Allot of people have sent me messages regarding Roisin Isnerand and the incident in Delores park on the fourth. Here is the skinny.

About 9:45 we were watching the fireworks on the north side center of the park buy the restroom. Behind us on the south side of the path directly above the restroom by the green container dead in the center of the park. There was a group of people maybe twenty or so people most looked like San Jose kids. They were lighting off fireworks all illegal lots of rockets and lots of m60’s.

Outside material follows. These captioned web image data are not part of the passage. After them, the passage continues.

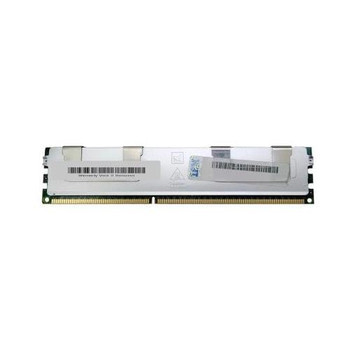 IBM - 00D4963 - Memory 16GB DDR3-1333MHz PC3-10600 ECC Registered 240-Pin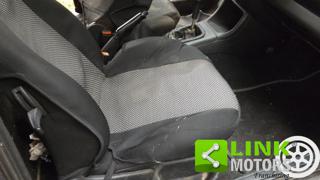 VOLKSWAGEN Golf Cabriolet usata 45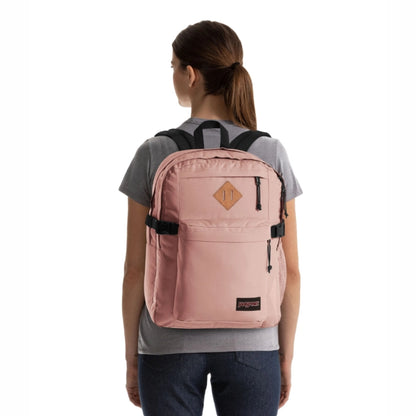 תיק גב Jansport Main Campus EA5BDSN55
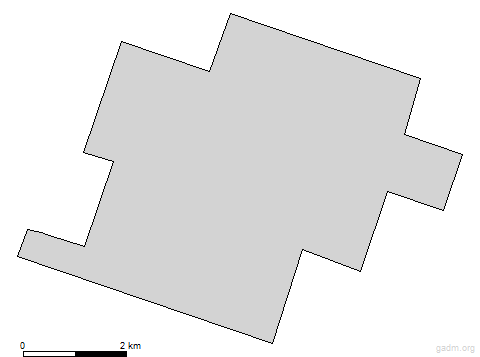 second level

From where I was standing I could not see the city fireworks well. So I turned around to watch the fireworks this group was shooting off. I saw the guy who threw the bomb that blew apart the hand of Roisin Isner.

Here is his description:
18 to 25, 5’10 – 6’, 180 lbs, olive skin (don’t know race and he had no accent), he had a sooth face like he was younger with a “chocolate milk mustache” IE: like a kid the doesn’t have to shave yet very light and thin mustache. Dark colored shirt, blue jeans, curly black hair sticking out from under an Oakland A’s cap.

Here is the important part! The hat is very distinct. It is an alternate A’s hat so it is black with a green A’S symbol. What makes this hat even more distinct is it also had a welt that was green too. A welt is a tube of fabric sewn into the seams.
I can’t find a photo of this exact hat, but I did find a photo of one like it. Imagine it with green lines on all the triangle seems of the hat.




The hat below is just an example of welting look at the red lines on this hat and imagine them in green on the hat above.




Here is what you must do! Look at all of the photos that you took that day. See if you can see someone with that description look into the background of your photos and or video.

If you have any info about this case you need to call:
Sergeant Fabbri @ 416 850 6615 he is the detective working on this case.
And / or email Chris Isner chrisisner@hotmail.com

And the last thing you must do is repost this! Even if you don’t live in the city you will have a friend of a friend that dose. Hit reply to poster and then copy.

Please do not remove or change any of this information.
emchy: (Default)
i do think that i may have in fact sprained my wrist. the overcompensation for which is fucking up my back. i am sure that isn't really helping my insatiable cranky. ice for now. brace for sleeping. possibly dr. in the am depending on how it feels.

in hilarious news - when i went to the place to see the people today the bouncer at the door laughed at me and said "ah - here to enjoy your injury today?" which really i thought was pretty charming.